#### Task requirements:
I need the lines below from the one with "Execuția de casă" down to the one with "WIN TICKETS TO WILD LIGHTS AT DUBLIN ZOO" reproduced exactly, both ends included, and nothing else.

#### Given data:
+++

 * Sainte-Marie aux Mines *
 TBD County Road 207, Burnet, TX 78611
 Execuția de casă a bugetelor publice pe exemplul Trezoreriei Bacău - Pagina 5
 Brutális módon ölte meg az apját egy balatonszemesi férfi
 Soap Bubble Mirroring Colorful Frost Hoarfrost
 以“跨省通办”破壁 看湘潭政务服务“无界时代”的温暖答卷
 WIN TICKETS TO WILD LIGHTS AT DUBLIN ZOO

+++

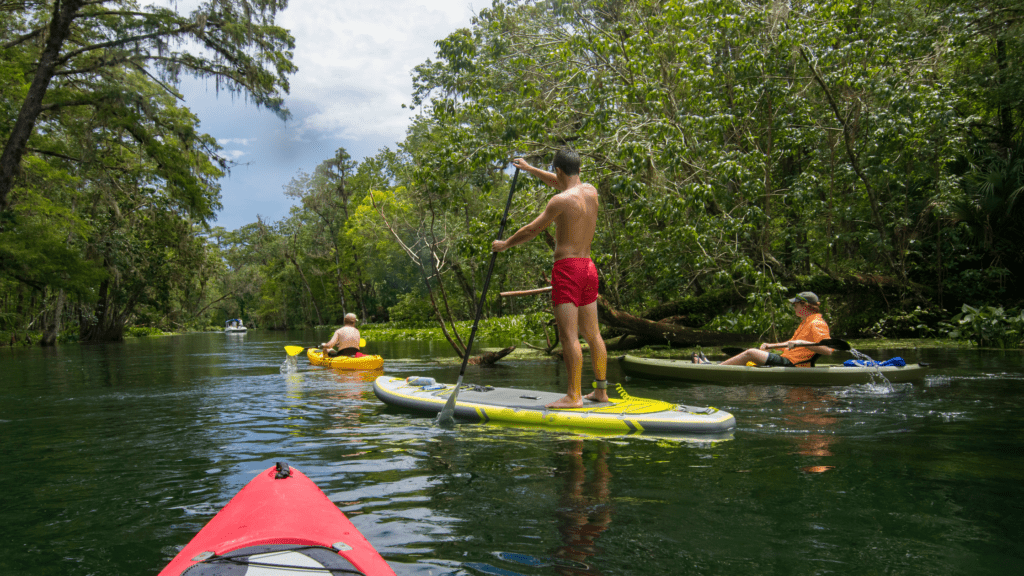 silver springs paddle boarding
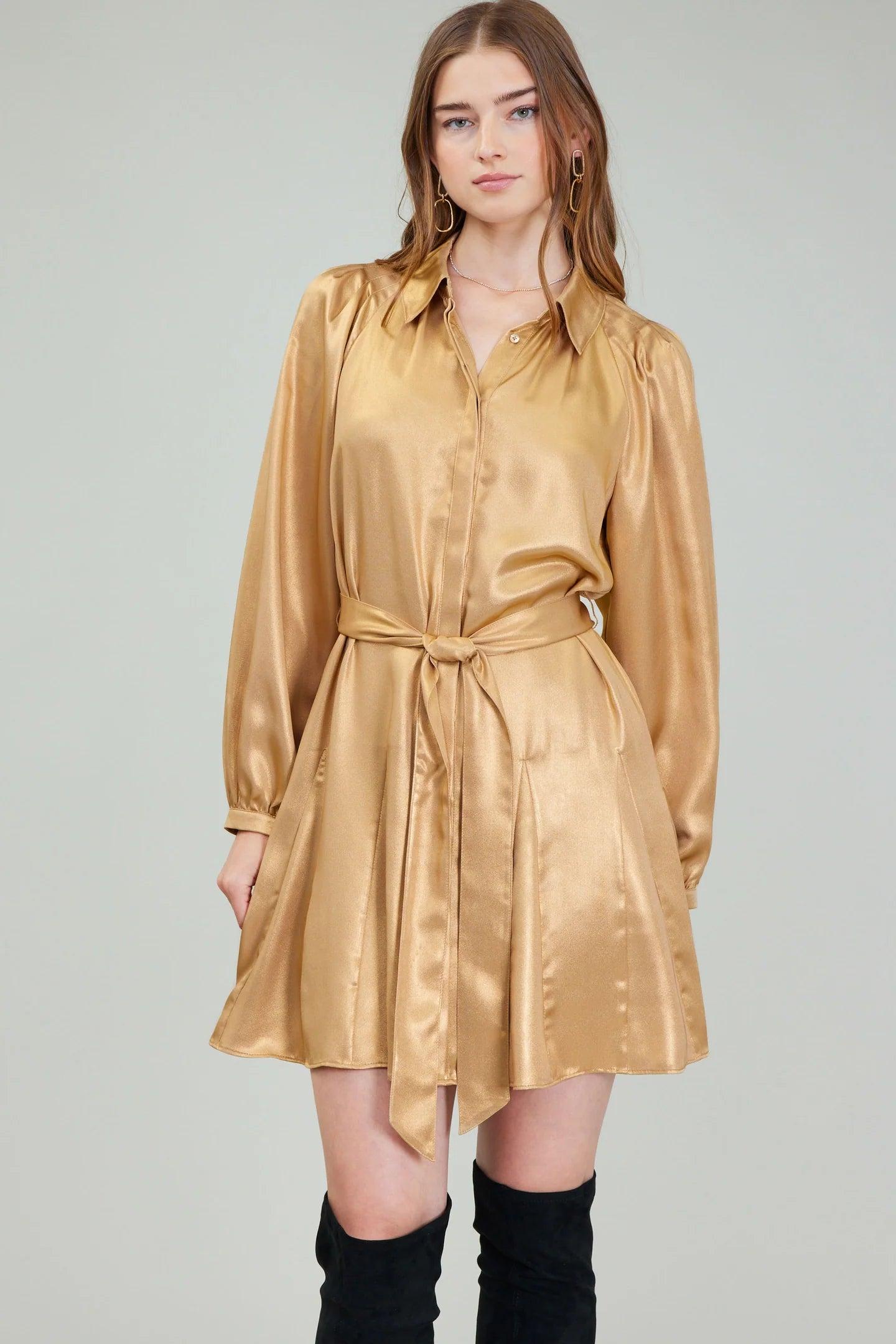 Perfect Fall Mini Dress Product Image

+++

#### Completed task:
 Execuția de casă a bugetelor publice pe exemplul Trezoreriei Bacău - Pagina 5
 Brutális módon ölte meg az apját egy balatonszemesi férfi
 Soap Bubble Mirroring Colorful Frost Hoarfrost
 以“跨省通办”破壁 看湘潭政务服务“无界时代”的温暖答卷
 WIN TICKETS TO WILD LIGHTS AT DUBLIN ZOO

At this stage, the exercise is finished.